### About this task:
If pictures are present, leave them out, and copy the data word for word.

### Data for analysis:
········
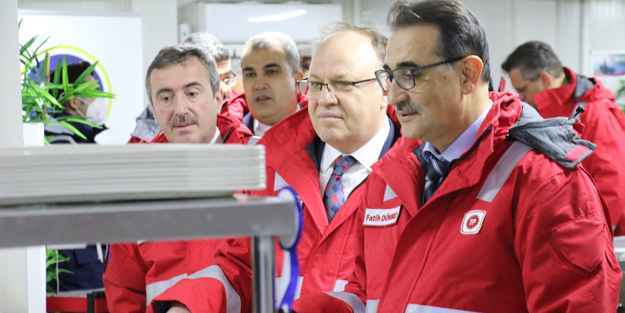 Yavuz'u uğurlayan Bakan Dönmez, Filyos Limanı’nda çalışanlar ile iftar yaptı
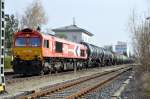 Die HGK DE 668 wartet in Illertissen mit einem Kesselwagenzug auf Ausfahrt, am 23.04.2010.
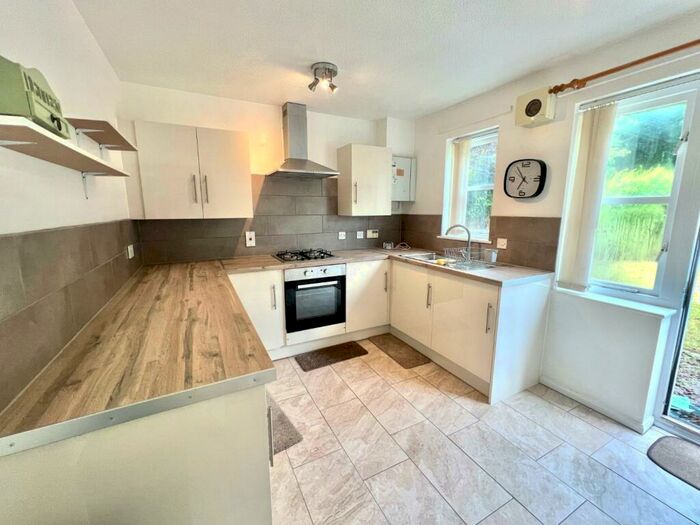 2 Bedroom Terraced House To Rent In Grange Close, Hunslet, Leeds, LS10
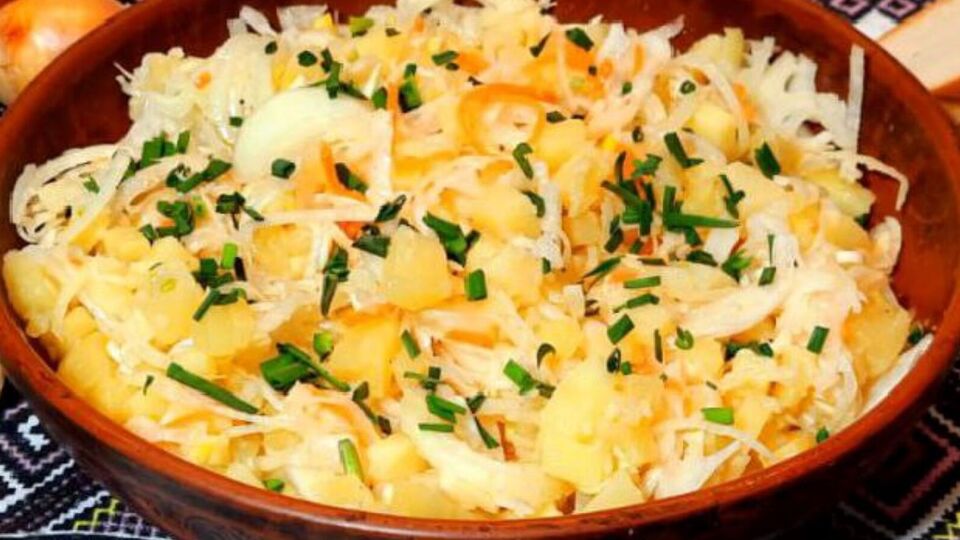 Смешайте в емкости квашеную капусту, картофель, лук, чеснок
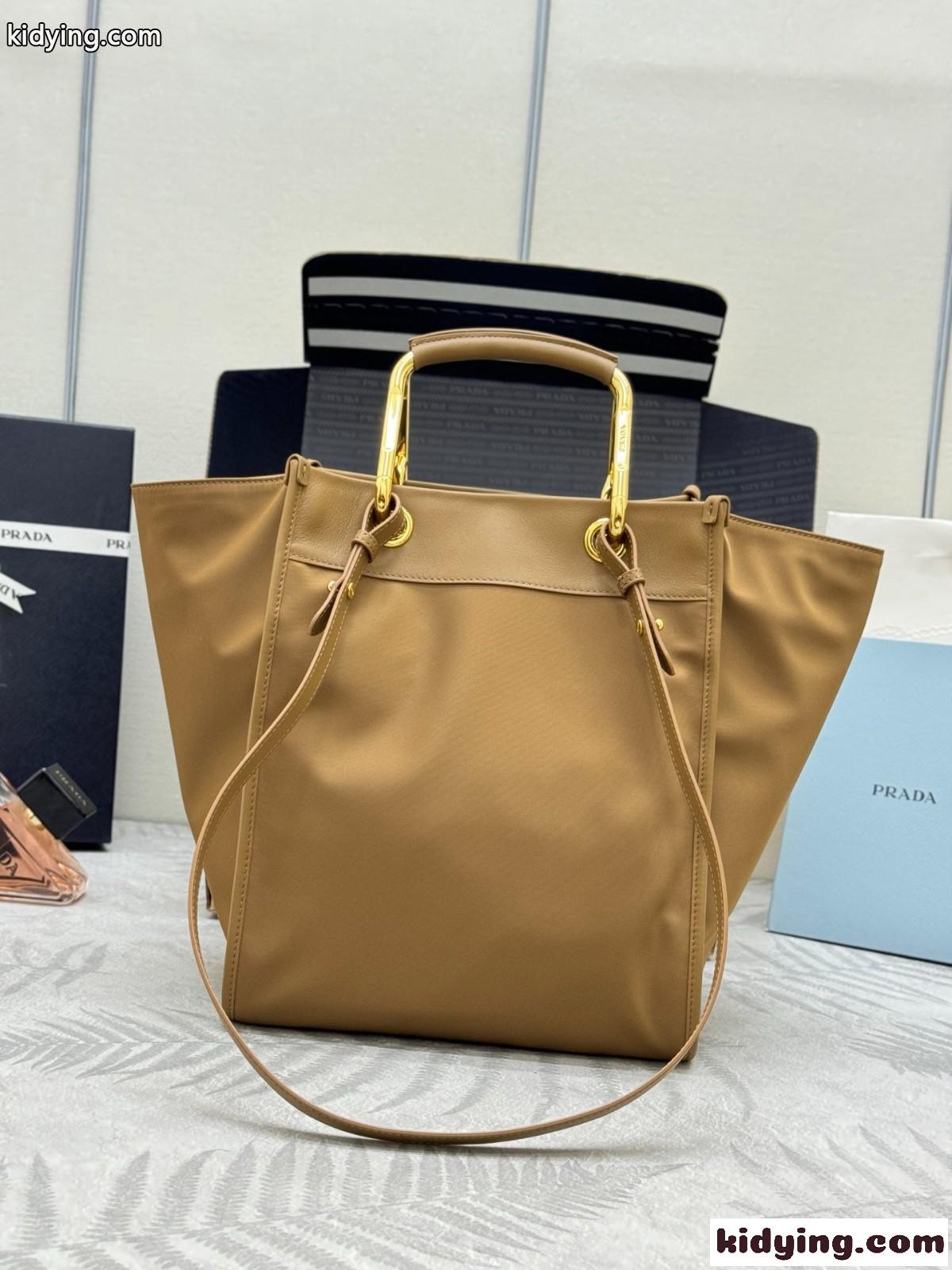 洗練された ミディアム Re-Nylon×レザー トートバッグ プラダ バッグ スーパーコピー 1BG578-2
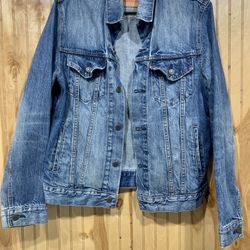 Levi’s Core Denim Trucker Jacket. Men’s Medium slim fit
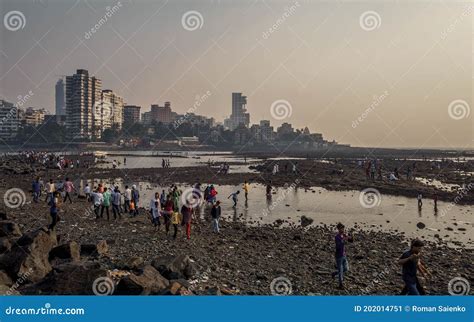 Bustling Mumbai Is India S Largest City And Financial Center Editorial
········
### Result:
 Yavuz'u uğurlayan Bakan Dönmez, Filyos Limanı’nda çalışanlar ile iftar yaptı
 Die HGK DE 668 wartet in Illertissen mit einem Kesselwagenzug auf Ausfahrt, am 23.04.2010.
 2 Bedroom Terraced House To Rent In Grange Close, Hunslet, Leeds, LS10
 Смешайте в емкости квашеную капусту, картофель, лук, чеснок
 洗練された ミディアム Re-Nylon×レザー トートバッグ プラダ バッグ スーパーコピー 1BG578-2
 Levi’s Core Denim Trucker Jacket. Men’s Medium slim fit
 Bustling Mumbai Is India S Largest City And Financial Center Editorial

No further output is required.